Abstract

Deep learning has achieved good performance in hyperspectral image classification (HSIC). Many methods based on deep learning use deep and complex network structures to extract rich spectral and spatial features of hyperspectral images (HSIs) with high accuracy. During the process, how to accurately extract the features and information from pixel blocks in HSIs is important. All of the spectral features are treated equally in classification, and the input of the network often contains much useless pixel information, leading to a low classification result. To solve this problem, an enhanced spectral-spatial residual attention network (ESSRAN) is proposed for HSIC in this paper. In the proposed network, the spectral-spatial attention network (SSAN), residual network (ResNet) and long-short term memory (LSTM) are combined to extract more discriminative spectral and spatial features. More specifically, SSAN is first applied to extract image features by using the spectral attention module to emphasize useful bands and suppress useless bands.
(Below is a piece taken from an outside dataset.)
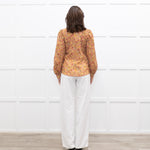 Mirto Orange Paisley Print Long Sleeve Blouse
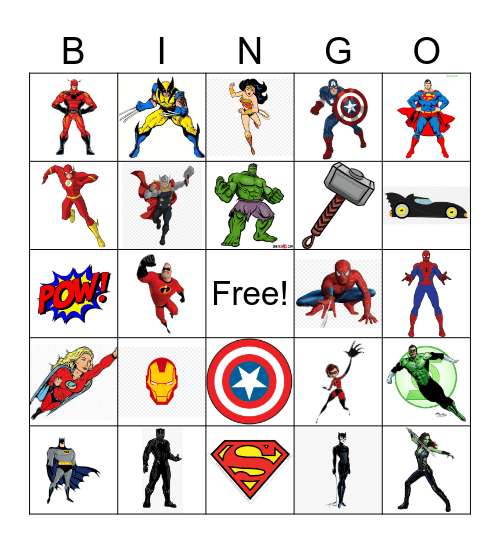 SUPERHERO BINGO Card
The spatial attention module is used to emphasize pixels that have same category with the central pixel. Then, these obtained features are fed into an improved ResNet, which adopts LSTM to learn representative high-level semantic features of the spectral sequences, since the use of ResNet can prevent gradient disappearance and explosion. The proposed ESSRAN model is implemented on three commonly used HSI datasets and compared to some state-of-the-art methods. The results confirm that ESSRAN effectively improves accuracy.